-------- The records

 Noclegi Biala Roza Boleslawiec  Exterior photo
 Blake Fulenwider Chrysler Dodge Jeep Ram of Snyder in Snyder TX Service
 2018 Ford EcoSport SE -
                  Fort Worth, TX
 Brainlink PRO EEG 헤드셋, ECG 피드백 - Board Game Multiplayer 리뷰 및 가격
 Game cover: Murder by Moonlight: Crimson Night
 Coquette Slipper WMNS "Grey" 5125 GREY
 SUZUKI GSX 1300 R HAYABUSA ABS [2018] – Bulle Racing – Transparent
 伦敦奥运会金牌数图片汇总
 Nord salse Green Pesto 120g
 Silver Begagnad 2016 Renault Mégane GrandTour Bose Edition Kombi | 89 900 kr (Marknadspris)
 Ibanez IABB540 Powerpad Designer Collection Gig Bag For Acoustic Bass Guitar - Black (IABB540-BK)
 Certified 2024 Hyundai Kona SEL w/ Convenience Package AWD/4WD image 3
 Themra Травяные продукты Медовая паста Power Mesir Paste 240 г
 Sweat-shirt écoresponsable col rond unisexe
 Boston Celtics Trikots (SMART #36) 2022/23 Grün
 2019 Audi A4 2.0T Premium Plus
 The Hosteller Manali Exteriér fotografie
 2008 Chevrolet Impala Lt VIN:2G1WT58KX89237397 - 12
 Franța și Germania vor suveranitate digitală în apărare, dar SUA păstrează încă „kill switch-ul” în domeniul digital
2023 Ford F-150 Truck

----------------

_Task to complete_
Going from the line that contains "Boston Celtics Trikots" to the last line of the records, reproduce every line as written.

_Solved exercise_
 Boston Celtics Trikots (SMART #36) 2022/23 Grün
 2019 Audi A4 2.0T Premium Plus
 The Hosteller Manali Exteriér fotografie
 2008 Chevrolet Impala Lt VIN:2G1WT58KX89237397 - 12
 Franța și Germania vor suveranitate digitală în apărare, dar SUA păstrează încă „kill switch-ul” în domeniul digital
2023 Ford F-150 Truck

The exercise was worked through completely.